§ PROBLEM TO SOLVE:
Copy nothing but the lines below running from the line containing "nombres feliz cumpleaños en celeste" through the line containing "Large Size Men's", both end lines included.

§ SUPPLIED RECORDS:

-.-.-

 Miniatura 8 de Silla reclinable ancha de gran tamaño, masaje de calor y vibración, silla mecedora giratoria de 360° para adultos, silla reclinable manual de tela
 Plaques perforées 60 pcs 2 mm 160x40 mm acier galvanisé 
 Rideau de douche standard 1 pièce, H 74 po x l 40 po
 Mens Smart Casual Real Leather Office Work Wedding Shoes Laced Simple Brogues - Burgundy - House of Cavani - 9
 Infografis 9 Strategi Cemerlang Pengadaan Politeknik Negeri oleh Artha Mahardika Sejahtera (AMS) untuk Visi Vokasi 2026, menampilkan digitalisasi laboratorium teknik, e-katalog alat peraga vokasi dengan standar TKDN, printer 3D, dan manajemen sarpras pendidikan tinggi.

-.-.-

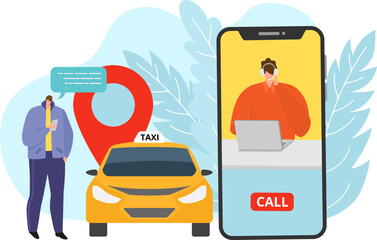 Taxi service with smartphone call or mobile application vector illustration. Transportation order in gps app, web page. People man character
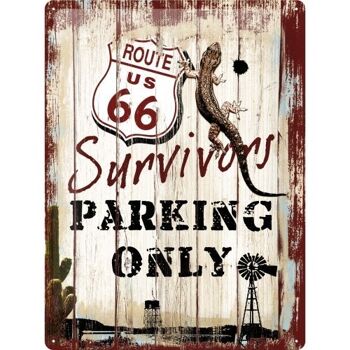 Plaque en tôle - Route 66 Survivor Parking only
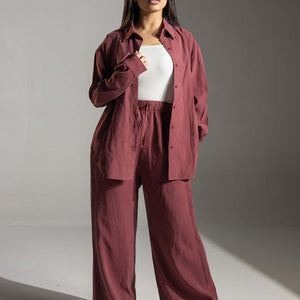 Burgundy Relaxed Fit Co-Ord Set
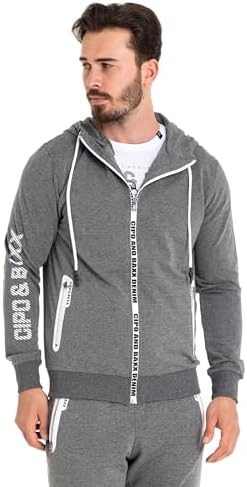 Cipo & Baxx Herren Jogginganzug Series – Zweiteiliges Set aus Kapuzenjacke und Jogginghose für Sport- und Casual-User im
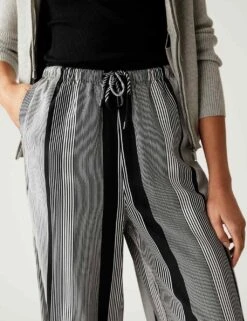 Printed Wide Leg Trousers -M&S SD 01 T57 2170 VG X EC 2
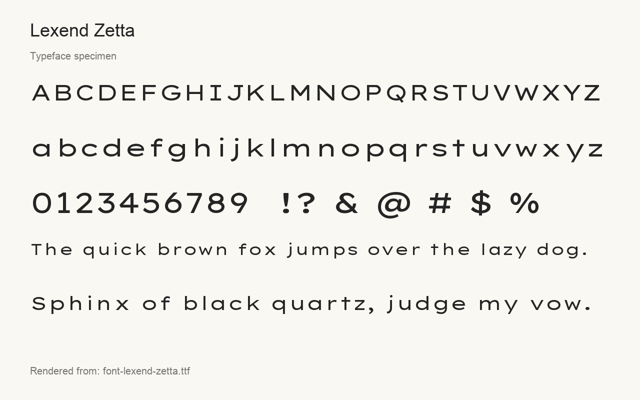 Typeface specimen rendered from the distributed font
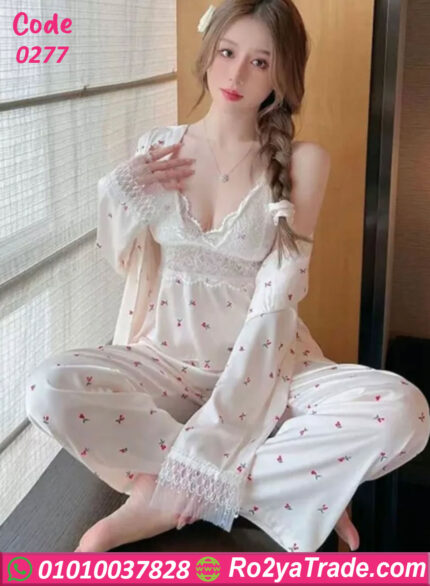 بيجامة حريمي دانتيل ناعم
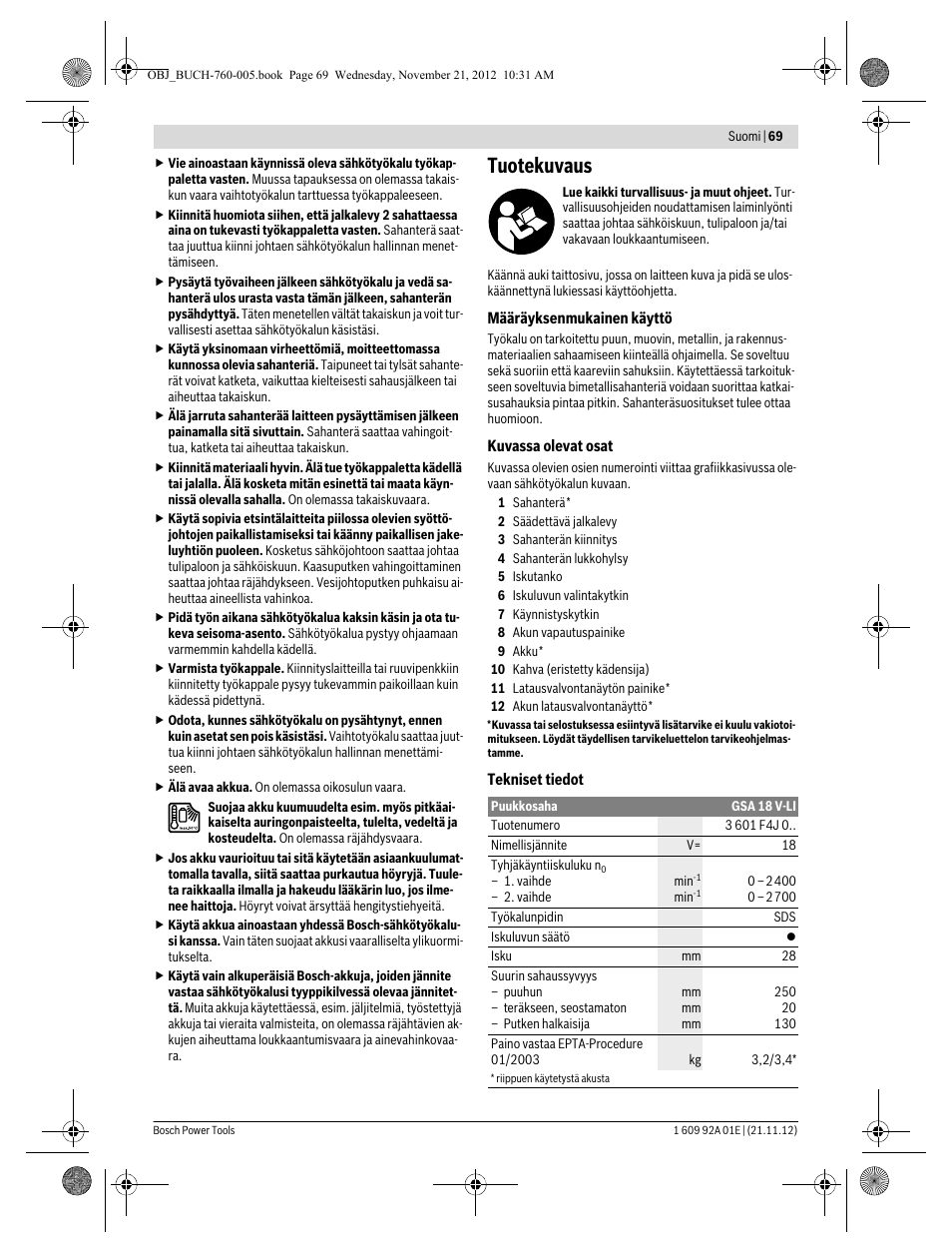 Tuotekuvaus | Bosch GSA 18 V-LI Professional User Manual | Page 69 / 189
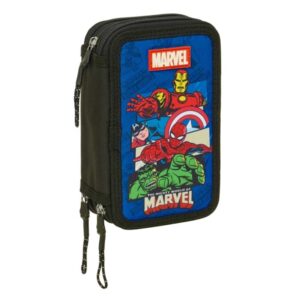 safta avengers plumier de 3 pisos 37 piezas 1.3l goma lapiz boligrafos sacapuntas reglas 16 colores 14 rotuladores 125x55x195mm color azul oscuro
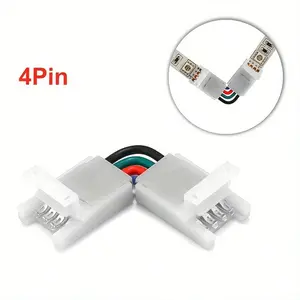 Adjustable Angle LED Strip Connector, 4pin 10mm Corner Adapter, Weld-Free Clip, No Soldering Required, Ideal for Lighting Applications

-.-.-

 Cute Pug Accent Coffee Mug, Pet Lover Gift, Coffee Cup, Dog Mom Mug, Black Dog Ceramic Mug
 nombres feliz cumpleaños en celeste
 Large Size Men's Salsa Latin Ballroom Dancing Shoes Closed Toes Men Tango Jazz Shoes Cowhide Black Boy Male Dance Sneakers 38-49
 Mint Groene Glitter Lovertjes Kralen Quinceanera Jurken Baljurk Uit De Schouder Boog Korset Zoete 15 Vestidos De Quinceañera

-.-.-

§ TASK RESULT:
 nombres feliz cumpleaños en celeste
 Large Size Men's Salsa Latin Ballroom Dancing Shoes Closed Toes Men Tango Jazz Shoes Cowhide Black Boy Male Dance Sneakers 38-49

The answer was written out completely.